*** Block opens ***

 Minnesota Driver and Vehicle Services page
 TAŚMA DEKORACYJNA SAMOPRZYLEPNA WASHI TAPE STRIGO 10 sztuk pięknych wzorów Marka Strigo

*** Block closes ***
*** Block opens ***

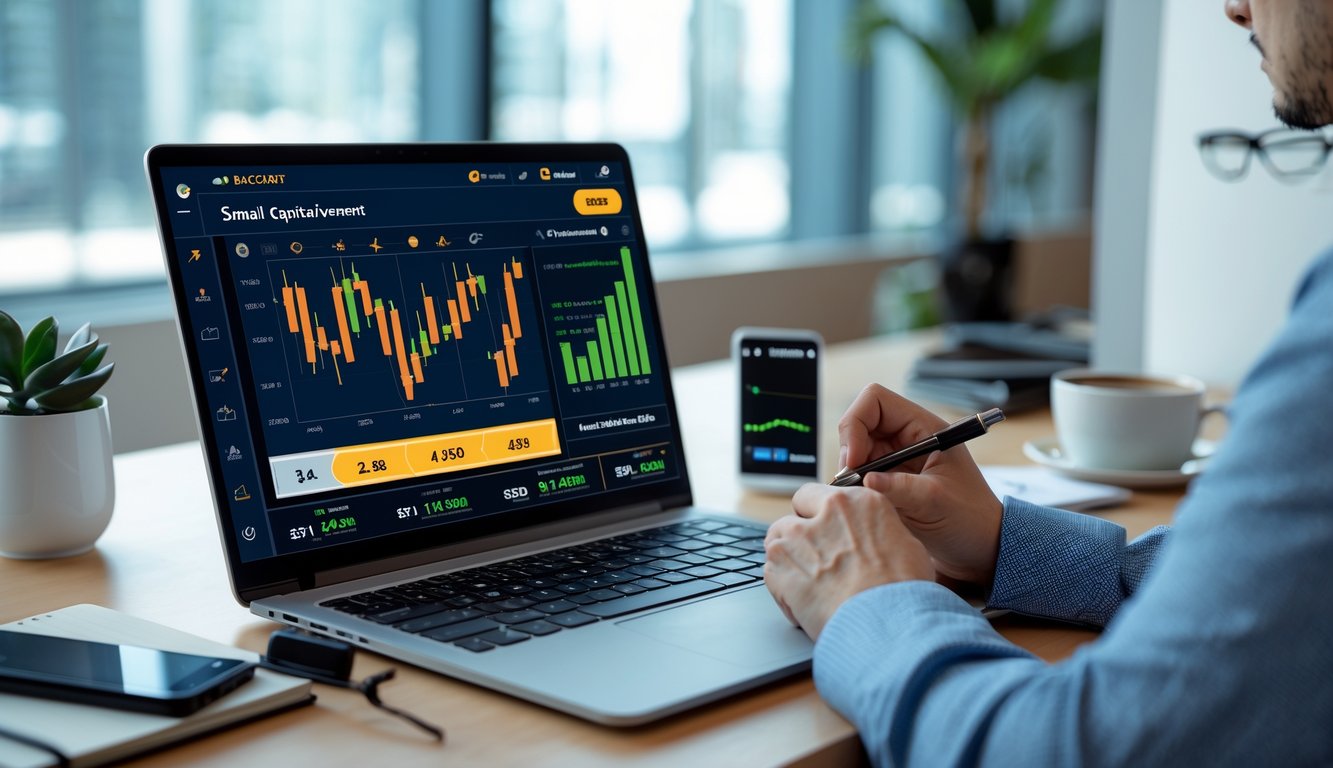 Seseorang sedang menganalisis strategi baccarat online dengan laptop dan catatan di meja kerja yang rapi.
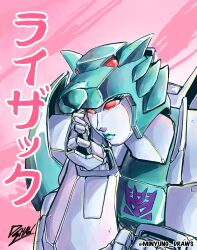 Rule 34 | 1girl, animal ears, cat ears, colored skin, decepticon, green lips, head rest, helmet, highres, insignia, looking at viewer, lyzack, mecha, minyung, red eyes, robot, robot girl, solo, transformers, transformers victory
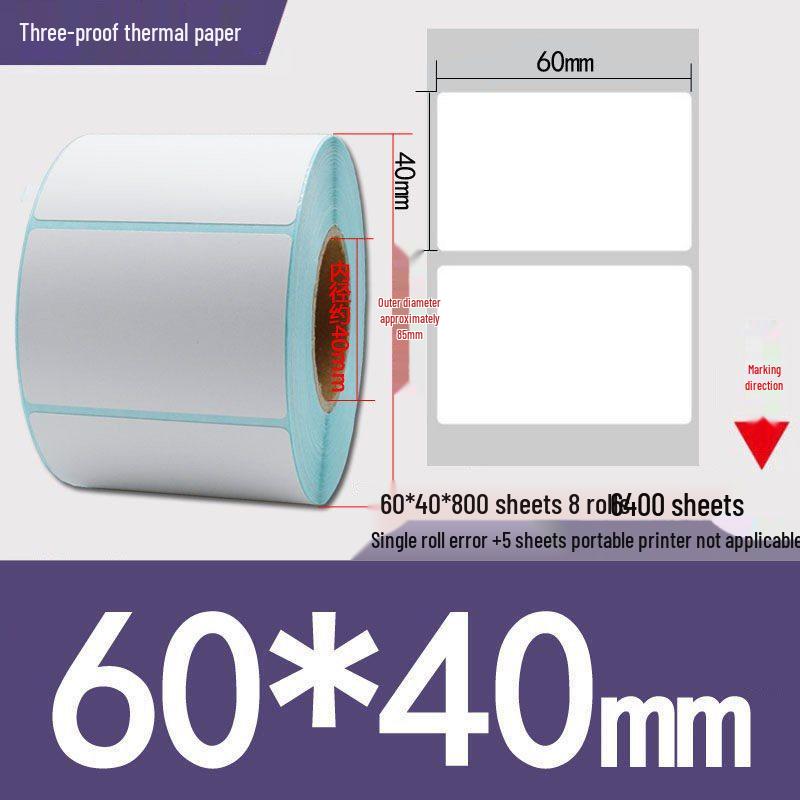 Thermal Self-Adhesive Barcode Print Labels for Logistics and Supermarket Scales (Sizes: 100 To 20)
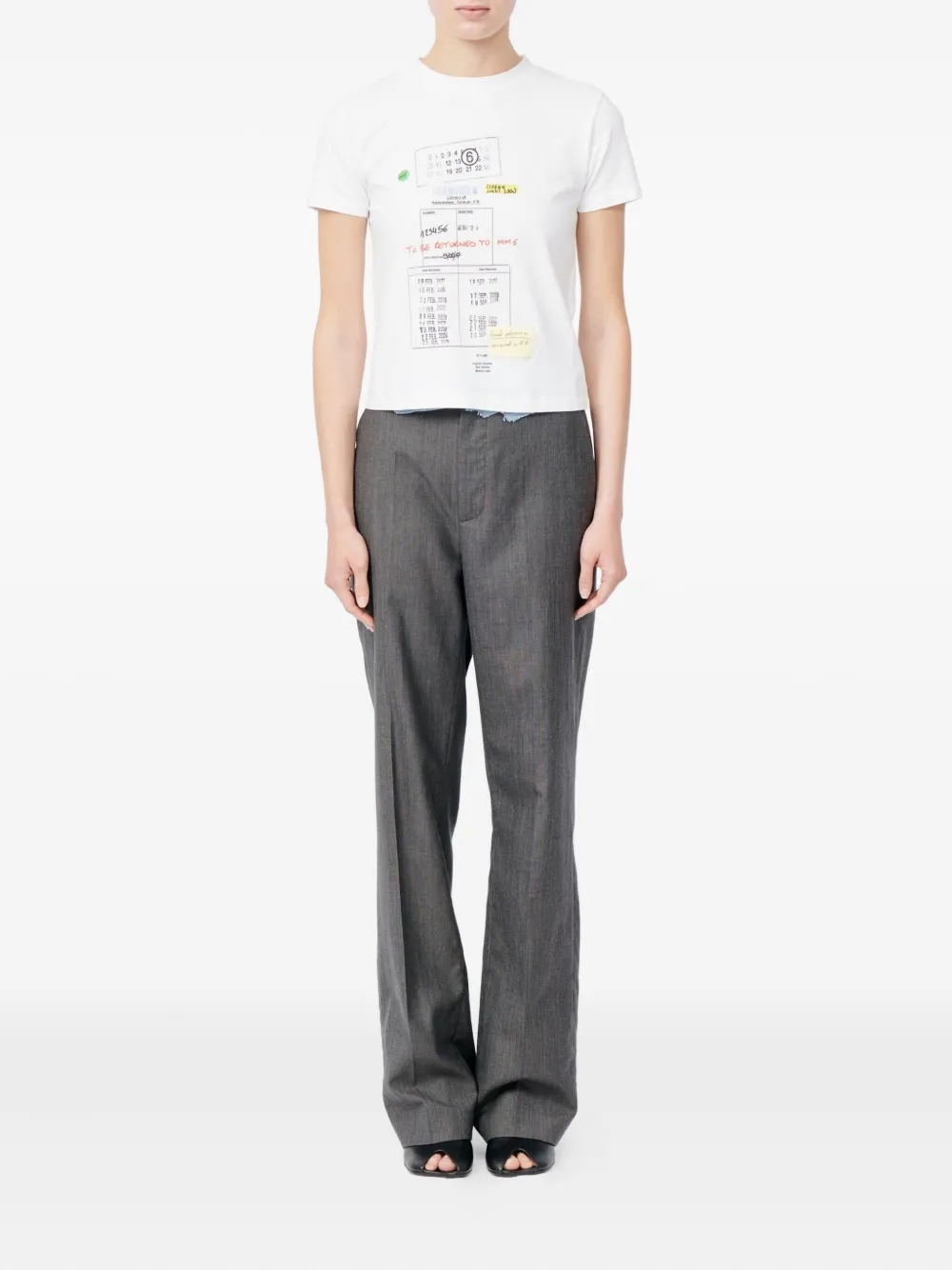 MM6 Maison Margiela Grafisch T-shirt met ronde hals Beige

*** Block closes ***
*** Block opens ***

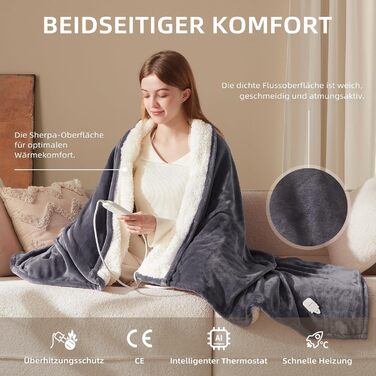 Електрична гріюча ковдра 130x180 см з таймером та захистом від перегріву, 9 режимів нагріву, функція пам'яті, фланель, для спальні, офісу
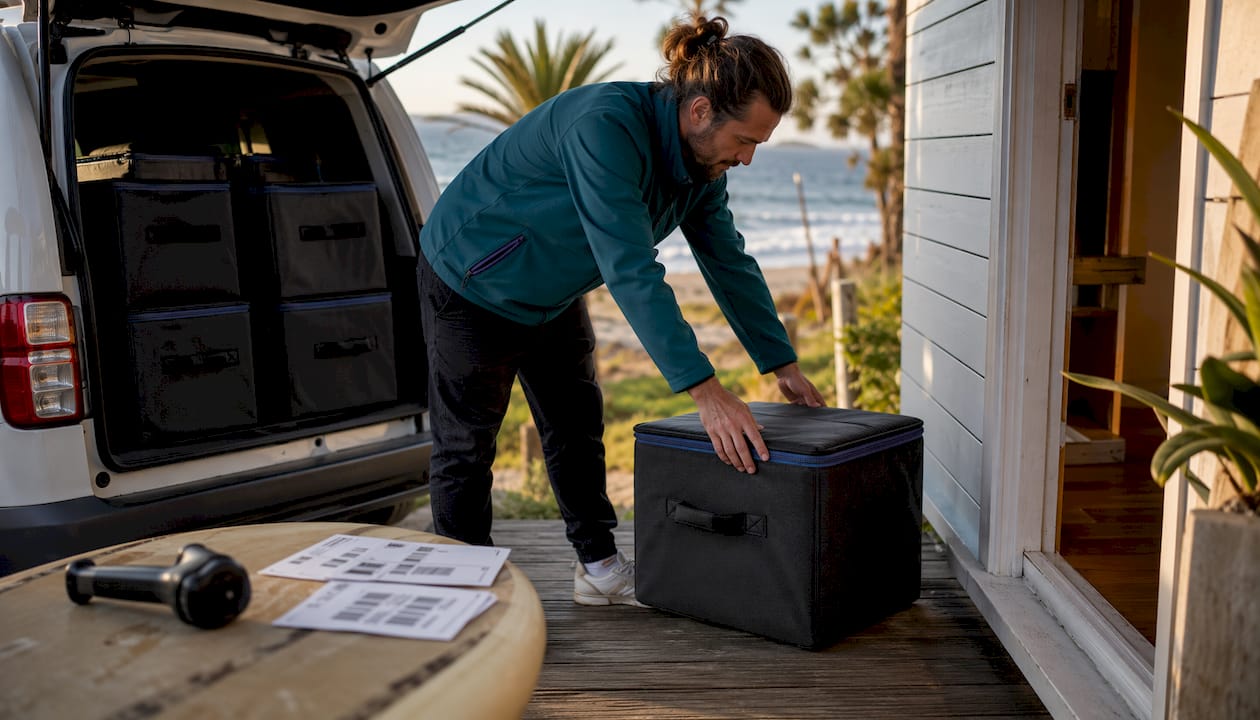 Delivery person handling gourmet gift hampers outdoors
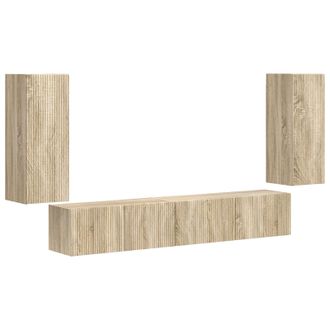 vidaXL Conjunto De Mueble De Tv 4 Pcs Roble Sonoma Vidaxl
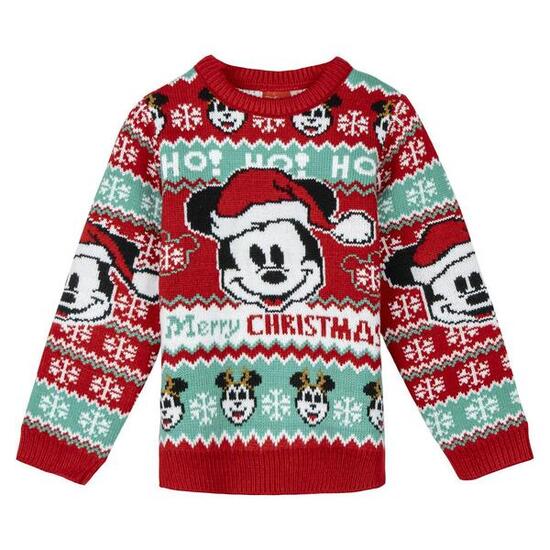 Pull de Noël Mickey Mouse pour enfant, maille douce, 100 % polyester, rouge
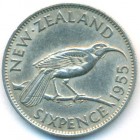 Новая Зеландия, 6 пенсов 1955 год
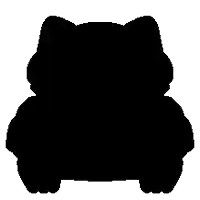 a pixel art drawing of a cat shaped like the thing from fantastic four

*** Block closes ***

### [Task objective]
Look in the material above for the line with "Minnesota Driver and Vehicle Services page" and the line with "TAŚMA DEKORACYJNA SAMOPRZYLEPNA", and transcribe exactly those lines and all lines between them, nothing more.

### [Answer space]
 Minnesota Driver and Vehicle Services page
 TAŚMA DEKORACYJNA SAMOPRZYLEPNA WASHI TAPE STRIGO 10 sztuk pięknych wzorów Marka Strigo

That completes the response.